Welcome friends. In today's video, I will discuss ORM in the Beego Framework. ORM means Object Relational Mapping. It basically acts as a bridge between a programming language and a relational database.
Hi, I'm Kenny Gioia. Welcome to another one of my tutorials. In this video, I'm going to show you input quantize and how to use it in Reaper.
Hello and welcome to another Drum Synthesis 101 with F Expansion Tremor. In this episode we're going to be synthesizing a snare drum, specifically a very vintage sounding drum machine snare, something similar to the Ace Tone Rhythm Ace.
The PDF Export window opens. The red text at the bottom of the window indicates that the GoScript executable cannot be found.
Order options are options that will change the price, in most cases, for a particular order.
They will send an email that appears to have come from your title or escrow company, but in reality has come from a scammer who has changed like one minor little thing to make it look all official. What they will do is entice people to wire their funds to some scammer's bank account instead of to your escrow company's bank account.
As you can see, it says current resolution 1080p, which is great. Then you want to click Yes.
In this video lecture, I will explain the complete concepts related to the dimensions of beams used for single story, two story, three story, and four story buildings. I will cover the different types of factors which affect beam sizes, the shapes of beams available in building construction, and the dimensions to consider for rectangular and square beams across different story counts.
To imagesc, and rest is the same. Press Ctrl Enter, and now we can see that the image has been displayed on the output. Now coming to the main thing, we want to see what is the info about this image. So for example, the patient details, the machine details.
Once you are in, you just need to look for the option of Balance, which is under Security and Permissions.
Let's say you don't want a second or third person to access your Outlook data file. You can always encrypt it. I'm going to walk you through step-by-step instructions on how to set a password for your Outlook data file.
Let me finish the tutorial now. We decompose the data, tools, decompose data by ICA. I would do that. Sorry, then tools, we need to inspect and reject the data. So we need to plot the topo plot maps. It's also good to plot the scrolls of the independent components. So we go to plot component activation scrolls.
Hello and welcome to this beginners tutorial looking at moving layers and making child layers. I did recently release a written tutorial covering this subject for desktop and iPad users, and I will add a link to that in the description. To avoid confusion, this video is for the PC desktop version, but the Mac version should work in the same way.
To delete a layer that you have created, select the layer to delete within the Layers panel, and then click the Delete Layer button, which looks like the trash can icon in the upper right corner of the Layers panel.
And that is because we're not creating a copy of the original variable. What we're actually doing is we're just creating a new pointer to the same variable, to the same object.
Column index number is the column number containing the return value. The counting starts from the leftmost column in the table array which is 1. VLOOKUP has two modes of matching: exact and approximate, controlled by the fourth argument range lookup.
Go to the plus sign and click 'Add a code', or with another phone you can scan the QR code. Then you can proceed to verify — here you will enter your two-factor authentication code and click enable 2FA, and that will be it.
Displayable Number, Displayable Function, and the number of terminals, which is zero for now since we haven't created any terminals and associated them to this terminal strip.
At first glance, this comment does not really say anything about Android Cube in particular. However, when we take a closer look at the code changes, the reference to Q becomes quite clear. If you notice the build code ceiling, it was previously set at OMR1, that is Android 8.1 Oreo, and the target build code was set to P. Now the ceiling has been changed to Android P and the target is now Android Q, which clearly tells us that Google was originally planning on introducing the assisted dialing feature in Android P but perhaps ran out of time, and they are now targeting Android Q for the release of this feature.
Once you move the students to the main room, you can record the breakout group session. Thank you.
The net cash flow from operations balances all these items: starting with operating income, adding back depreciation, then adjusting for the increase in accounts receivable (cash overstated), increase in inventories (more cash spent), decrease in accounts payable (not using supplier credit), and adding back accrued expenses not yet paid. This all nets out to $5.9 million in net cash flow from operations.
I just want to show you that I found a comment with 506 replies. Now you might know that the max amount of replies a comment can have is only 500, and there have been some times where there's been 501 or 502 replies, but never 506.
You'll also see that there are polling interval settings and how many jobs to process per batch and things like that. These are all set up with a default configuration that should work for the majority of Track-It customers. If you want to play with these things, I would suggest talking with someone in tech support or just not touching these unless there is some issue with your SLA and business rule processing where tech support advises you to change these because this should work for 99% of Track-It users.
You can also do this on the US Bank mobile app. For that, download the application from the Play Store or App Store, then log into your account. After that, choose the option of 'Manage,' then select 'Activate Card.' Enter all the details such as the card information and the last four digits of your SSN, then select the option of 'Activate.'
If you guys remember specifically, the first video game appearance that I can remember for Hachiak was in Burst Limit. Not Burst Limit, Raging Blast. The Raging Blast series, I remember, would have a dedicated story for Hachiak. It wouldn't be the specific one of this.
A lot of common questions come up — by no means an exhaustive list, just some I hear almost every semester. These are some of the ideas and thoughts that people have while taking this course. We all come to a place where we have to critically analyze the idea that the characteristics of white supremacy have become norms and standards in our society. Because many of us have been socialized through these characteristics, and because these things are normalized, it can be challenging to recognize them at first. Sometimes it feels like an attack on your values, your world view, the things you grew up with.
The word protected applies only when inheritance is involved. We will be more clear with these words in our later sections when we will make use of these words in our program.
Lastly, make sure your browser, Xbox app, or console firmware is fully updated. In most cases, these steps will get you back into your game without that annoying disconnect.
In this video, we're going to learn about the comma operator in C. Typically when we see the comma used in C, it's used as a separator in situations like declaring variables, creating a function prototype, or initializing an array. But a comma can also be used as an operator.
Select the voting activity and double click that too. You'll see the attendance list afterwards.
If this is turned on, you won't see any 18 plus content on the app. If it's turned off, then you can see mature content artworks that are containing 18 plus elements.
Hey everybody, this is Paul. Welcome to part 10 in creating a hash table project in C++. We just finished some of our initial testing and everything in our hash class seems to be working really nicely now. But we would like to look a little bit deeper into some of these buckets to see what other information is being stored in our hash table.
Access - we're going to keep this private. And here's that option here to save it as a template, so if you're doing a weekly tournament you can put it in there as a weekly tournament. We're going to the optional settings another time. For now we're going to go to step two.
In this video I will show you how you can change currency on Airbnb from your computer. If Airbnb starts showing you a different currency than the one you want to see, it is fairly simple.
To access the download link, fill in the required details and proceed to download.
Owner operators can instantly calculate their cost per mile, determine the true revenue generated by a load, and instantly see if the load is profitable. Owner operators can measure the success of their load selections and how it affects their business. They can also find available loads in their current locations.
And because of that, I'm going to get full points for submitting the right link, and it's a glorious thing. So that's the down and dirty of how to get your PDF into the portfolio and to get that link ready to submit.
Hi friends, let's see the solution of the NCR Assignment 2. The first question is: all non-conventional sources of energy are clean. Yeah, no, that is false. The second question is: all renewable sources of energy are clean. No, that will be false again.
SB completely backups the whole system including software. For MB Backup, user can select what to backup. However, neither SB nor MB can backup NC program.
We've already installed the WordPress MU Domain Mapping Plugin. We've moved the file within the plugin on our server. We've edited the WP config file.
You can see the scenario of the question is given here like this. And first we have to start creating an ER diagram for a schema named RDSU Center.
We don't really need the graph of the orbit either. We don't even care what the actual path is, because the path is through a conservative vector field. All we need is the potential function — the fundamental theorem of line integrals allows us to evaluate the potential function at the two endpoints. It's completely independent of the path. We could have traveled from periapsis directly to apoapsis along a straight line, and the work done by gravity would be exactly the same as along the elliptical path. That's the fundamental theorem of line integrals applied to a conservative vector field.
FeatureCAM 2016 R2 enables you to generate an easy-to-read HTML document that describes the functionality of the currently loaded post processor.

◇ ◇ ◇

• _What you are asked to do_: Starting from the data above, filter for lines with "code" and copy each one.

• _Response area_:
Go to the plus sign and click 'Add a code', or with another phone you can scan the QR code. Then you can proceed to verify — here you will enter your two-factor authentication code and click enable 2FA, and that will be it.
At first glance, this comment does not really say anything about Android Cube in particular. However, when we take a closer look at the code changes, the reference to Q becomes quite clear. If you notice the build code ceiling, it was previously set at OMR1, that is Android 8.1 Oreo, and the target build code was set to P. Now the ceiling has been changed to Android P and the target is now Android Q, which clearly tells us that Google was originally planning on introducing the assisted dialing feature in Android P but perhaps ran out of time, and they are now targeting Android Q for the release of this feature.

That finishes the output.